Heroku Seems to Be Down
x.comA Heroku app of mine went down starting at ~7:43pm Eastern US (I KNOW, I need to migrate it elsewhere), and in a separate, weird "thing is down" instance, some pages in the Epic healthcare app seem to be offline. Also seeing that YouTube issue.
Related comments on reddit:
* https://www.reddit.com/r/Heroku/comments/1r7o1hk/outage/ * https://www.reddit.com/r/youtube/comments/1r7onh1/youtube_we...
The fact that your database is reachable but the app isn't after restart points to the routing layer being toast. If you can ssh into the dyno or check logs, look for anything related to the router handshake timing out. Usually when deploys work but traffic doesn't route, it's something between the load balancer and your instances.
The correlation with scheduled restarts is interesting though. Makes me wonder if there's a cert validation issue on boot that's causing new instances to fail health checks.

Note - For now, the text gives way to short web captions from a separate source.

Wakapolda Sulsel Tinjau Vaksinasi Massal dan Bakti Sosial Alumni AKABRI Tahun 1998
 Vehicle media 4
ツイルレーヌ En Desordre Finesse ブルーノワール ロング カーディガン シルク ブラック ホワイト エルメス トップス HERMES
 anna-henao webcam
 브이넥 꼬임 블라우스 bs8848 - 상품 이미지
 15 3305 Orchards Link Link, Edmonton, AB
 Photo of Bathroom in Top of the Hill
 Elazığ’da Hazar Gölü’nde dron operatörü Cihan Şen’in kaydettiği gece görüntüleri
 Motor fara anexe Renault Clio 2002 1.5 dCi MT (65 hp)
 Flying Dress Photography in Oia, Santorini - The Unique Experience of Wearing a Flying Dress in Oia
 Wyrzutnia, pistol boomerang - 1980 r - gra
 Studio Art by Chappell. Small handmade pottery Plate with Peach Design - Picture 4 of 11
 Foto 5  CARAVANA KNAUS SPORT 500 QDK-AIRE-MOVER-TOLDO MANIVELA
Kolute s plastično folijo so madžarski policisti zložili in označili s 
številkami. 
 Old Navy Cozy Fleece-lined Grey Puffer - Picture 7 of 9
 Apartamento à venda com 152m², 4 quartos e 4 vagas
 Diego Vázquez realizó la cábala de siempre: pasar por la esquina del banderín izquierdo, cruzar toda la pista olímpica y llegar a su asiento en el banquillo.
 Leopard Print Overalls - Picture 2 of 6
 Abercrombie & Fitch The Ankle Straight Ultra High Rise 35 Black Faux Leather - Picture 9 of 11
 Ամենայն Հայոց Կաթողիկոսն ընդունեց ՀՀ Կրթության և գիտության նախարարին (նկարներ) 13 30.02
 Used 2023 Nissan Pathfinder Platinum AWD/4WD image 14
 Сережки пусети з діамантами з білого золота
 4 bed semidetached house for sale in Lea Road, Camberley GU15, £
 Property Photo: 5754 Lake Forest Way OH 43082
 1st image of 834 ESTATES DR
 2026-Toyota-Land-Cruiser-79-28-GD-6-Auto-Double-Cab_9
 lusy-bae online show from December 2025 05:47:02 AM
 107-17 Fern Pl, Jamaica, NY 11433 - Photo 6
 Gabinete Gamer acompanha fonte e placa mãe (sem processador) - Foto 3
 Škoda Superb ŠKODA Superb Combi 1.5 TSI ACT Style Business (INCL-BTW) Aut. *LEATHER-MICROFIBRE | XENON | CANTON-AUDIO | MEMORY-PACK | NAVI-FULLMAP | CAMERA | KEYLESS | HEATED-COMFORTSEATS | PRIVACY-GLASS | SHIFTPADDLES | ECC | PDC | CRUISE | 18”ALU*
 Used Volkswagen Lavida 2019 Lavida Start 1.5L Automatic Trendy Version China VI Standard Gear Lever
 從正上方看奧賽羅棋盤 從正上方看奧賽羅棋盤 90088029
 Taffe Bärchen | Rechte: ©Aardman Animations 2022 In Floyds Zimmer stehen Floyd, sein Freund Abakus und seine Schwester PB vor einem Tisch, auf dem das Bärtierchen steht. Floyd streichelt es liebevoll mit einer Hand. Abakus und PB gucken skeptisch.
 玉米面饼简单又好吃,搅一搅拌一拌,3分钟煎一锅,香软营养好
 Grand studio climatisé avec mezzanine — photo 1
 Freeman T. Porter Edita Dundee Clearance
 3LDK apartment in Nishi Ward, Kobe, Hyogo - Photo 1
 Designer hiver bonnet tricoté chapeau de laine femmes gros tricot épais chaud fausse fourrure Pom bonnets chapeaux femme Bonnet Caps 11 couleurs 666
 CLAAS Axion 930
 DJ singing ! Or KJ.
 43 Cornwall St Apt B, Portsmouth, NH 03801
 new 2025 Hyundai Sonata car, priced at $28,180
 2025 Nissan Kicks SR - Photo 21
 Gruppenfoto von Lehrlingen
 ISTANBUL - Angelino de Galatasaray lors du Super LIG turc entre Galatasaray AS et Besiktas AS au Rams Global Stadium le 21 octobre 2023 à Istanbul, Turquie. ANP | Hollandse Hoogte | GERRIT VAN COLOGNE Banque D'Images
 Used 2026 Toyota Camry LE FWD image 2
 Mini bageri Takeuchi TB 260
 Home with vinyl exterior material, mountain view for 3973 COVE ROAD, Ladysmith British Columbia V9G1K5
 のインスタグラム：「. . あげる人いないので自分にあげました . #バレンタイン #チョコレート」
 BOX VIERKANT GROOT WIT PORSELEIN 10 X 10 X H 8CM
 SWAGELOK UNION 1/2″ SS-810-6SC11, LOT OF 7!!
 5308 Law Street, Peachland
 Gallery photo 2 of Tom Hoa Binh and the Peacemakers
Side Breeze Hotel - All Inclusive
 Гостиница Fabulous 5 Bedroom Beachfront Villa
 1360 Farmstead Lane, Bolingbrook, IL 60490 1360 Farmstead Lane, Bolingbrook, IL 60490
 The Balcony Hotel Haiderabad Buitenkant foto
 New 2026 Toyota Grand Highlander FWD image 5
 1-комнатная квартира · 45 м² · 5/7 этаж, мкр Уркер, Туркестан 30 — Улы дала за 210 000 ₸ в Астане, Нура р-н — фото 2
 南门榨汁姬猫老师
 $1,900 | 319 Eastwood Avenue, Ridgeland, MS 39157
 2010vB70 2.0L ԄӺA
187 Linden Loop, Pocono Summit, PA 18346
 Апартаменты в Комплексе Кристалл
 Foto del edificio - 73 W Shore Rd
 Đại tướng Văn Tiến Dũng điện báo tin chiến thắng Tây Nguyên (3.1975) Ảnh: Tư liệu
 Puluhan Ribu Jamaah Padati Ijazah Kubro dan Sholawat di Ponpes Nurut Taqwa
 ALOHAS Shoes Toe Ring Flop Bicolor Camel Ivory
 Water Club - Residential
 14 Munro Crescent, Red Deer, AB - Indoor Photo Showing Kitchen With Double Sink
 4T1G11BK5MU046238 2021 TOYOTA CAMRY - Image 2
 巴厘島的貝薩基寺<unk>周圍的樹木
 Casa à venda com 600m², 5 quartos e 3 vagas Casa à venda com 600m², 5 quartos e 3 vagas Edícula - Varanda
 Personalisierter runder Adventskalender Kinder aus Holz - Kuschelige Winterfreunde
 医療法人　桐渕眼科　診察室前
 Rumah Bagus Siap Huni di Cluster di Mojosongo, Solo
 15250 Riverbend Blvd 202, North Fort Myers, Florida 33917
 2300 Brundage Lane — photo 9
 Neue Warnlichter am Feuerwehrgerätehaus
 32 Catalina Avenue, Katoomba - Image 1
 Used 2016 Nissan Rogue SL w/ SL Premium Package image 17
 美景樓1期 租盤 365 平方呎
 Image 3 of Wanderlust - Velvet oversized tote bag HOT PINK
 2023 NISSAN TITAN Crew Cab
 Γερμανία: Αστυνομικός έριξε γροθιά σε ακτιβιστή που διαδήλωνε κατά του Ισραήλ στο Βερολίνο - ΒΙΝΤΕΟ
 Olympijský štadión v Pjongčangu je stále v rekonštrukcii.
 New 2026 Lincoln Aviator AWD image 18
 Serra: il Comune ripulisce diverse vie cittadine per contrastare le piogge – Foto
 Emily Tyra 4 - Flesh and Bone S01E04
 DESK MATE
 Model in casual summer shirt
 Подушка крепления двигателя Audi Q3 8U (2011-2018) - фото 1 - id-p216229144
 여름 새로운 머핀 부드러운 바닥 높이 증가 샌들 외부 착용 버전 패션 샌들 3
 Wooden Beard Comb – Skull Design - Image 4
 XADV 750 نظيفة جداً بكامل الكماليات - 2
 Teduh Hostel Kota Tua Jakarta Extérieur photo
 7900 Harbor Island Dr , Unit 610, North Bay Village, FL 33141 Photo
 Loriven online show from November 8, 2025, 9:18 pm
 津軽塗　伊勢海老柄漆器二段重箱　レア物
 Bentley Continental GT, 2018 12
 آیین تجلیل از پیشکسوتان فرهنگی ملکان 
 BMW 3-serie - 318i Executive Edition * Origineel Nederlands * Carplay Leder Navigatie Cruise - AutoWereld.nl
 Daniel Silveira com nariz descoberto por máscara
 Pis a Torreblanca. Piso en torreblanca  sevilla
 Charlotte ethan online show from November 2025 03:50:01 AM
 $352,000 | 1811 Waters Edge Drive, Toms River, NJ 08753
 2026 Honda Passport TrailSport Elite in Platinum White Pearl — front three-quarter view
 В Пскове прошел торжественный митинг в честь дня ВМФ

I've been using DigitalOcean's App Platform as an alternative. It's not identical, but it's really close with the git-base deployments, etc. Anyone else can share their thoughts too.
Perhaps related: on Downdetector right now I see outages reported in the past few minutes for GCP, Cloudflare, and AWS. Youtube is also down.
Unusual to see all three blowing up at the same time.
One of my Heroku apps is down, and seems to have gone down immediately after a scheduled daily restart. The others all work, and I can still access my database directly. Kinda fun trying to reverse engineer what's going on with the limited information we have!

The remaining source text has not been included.